S474N · September 16, 2017, 12:51pm

Same problem?

kixorz · September 16, 2017, 1:15pm

Ok, I rebooted the router and the same DHCP problem also appeared on LAN.

Looking at the client DHCP log:

Sep 16 08:12:01 computer networkd[204]: nw_nat64_post_new_ifstate successfully changed NAT64 ifstate from 0x4 to 0x8000000000000000 <-- here it starts working

Sep 16 08:12:10 computer networkd[204]: nw_nat64_post_new_ifstate successfully changed NAT64 ifstate from 0x8000000000000000 to 0x4 <-- here it stops working

rfc2822 · September 16, 2017, 2:10pm

Same problem here. Then I noticed that I still had the LAN IPv6 address on my computer:

enp30s0: flags=4163<UP,BROADCAST,RUNNING,MULTICAST>  mtu 1500
...
        inet6 fdf9:5b71:1388::836  prefixlen 128  scopeid 0x0<global>

So you can ssh to root@fdf9:5b71:1388::1.
Then set “maindhcp” to “1” instead of “0” in /etc/config/dhcp (“odhcp” section).
“/etc/init.d/odchpd restart”
Connect again with DHCP, you should now get an IPv4 address

However, the update seems to be really broken. No IPv4 connection although factory reset, the “register DHCP devices in DNS” doesn’t work, …

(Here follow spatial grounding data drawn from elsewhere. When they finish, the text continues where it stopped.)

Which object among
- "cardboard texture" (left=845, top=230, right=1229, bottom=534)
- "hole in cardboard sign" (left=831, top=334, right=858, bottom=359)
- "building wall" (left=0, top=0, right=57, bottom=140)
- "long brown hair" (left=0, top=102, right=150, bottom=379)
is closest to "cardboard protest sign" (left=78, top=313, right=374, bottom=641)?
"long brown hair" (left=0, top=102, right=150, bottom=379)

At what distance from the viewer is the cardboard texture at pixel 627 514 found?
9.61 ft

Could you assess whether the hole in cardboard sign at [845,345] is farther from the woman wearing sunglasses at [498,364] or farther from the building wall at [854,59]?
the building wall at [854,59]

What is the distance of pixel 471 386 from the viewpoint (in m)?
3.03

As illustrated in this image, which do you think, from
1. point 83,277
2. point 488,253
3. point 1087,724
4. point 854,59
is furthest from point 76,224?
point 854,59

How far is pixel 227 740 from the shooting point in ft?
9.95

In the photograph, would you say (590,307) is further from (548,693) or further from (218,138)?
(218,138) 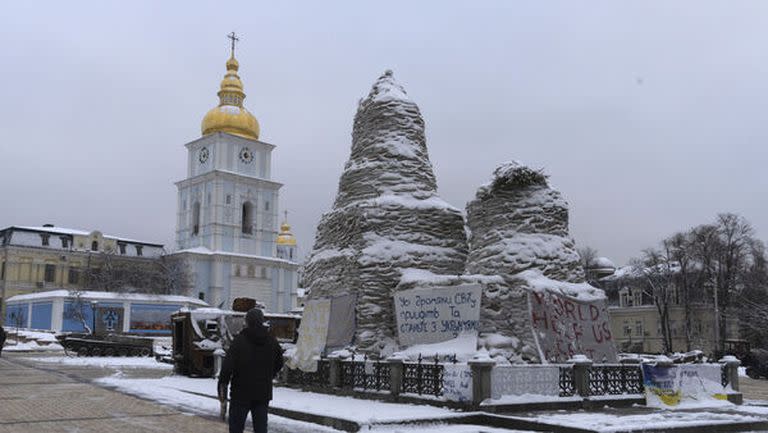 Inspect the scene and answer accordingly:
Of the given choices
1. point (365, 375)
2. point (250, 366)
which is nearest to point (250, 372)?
point (250, 366)

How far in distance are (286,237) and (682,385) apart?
81761mm

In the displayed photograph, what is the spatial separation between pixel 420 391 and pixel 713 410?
19.2 feet

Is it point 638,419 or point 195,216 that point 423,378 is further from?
point 195,216

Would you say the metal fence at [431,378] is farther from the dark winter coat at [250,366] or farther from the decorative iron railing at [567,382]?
the dark winter coat at [250,366]

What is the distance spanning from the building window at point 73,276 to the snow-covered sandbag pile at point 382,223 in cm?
7014

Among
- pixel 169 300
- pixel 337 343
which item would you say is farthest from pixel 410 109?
pixel 169 300

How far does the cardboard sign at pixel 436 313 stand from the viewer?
1667cm

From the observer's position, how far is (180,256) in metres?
79.2

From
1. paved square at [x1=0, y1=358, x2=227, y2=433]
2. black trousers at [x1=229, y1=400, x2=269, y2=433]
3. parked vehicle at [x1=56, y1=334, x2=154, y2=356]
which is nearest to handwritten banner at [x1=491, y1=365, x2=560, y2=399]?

kixorz · September 16, 2017, 4:48pm

Thanks for this, it looks like it fixed the problem. But from just changing the config, I really don’t understand what the real problem is.

anon71276338 · September 17, 2017, 12:20pm

is it possible to disable auto update?

They seem to be incapable of updating the software without breaking the config every single time

It’s very disappointing …

vcunat · September 17, 2017, 1:06pm

It is. Perhaps more interesting option (new since 3.8) is to delay performing them in Foris/Updater.

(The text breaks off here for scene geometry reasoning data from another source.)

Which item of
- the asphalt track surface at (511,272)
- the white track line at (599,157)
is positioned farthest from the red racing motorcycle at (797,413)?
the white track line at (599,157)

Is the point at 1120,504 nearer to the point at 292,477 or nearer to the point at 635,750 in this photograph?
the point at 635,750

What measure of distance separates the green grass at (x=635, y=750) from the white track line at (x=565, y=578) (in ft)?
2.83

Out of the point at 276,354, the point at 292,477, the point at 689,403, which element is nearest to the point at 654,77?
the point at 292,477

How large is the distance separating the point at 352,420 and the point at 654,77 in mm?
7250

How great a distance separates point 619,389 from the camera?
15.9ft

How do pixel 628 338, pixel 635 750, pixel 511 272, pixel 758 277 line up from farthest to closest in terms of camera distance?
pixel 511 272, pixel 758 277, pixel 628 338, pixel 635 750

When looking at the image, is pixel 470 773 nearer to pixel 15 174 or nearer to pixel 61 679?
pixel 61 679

Updates will be installed with an adjustable delay. You can also approve them manually.

patrickm · September 17, 2017, 2:47pm

Update broke my DNS which is unacceptable. I’m also pretty fed up with this crap, how can I install vanilla LEDE/OpenWRT?

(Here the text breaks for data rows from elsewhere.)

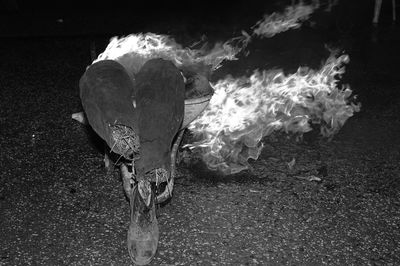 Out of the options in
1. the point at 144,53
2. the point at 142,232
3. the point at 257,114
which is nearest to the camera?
the point at 142,232

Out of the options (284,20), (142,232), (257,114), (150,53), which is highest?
(150,53)

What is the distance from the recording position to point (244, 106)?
4762mm

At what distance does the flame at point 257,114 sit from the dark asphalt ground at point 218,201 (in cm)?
16

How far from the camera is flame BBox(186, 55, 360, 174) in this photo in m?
4.58

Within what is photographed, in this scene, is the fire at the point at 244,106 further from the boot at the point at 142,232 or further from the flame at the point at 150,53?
the boot at the point at 142,232

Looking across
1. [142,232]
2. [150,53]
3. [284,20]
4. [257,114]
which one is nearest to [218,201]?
[142,232]

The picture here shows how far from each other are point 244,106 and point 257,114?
0.14m

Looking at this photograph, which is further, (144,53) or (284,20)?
(284,20)

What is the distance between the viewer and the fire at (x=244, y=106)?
4238mm

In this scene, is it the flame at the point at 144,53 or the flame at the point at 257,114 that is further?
the flame at the point at 257,114

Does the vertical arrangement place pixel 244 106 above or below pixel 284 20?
above

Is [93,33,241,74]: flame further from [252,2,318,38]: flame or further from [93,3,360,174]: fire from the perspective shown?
[252,2,318,38]: flame

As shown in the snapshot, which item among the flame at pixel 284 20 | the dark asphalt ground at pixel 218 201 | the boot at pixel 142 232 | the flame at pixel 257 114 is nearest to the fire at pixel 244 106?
the flame at pixel 257 114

vcunat · September 17, 2017, 3:34pm

LEDE/OpenWRT doesn’t support the hardware yet; see Integrating Hardware support into LEDE/OpenWrt by the community - SW tweaks - Turris forum

patrickm · September 17, 2017, 3:41pm

I’ve noticed. I still believe in this device and I don’t mind minor stuff breaking every now and then, it comes with the territory. But please put all effort in getting upstream support for the hardware instead of trying to improve things yourself. I appreciate all effort put into this and I know circumstances change all the time. But proper prioritization should be LEDE support first, so any users fed up with Omnia issues can just move to LEDE. Then once that is an option, you can try and re-invent the wheel all you want in Omnia, I would definitely try every now and then and see if you can surpass LEDE.

kixorz · September 17, 2017, 3:54pm

It’s completely unacceptable solution to just delay updates. You’d be just offsetting problems to a later date. I think the real solution is to do a slow rolling release and implement voluntary release feedback loop via on-device metrics. Turris team would buy time this way to fix discovered problems.

vcunat · September 17, 2017, 4:11pm

AFAIK It’s meant for those that don’t want any changes to happen when they’re away and someone else needs the internet.

Anyone can already use the RC or nightly channels. The problem is that very few want them (and often it’s those who want the new features).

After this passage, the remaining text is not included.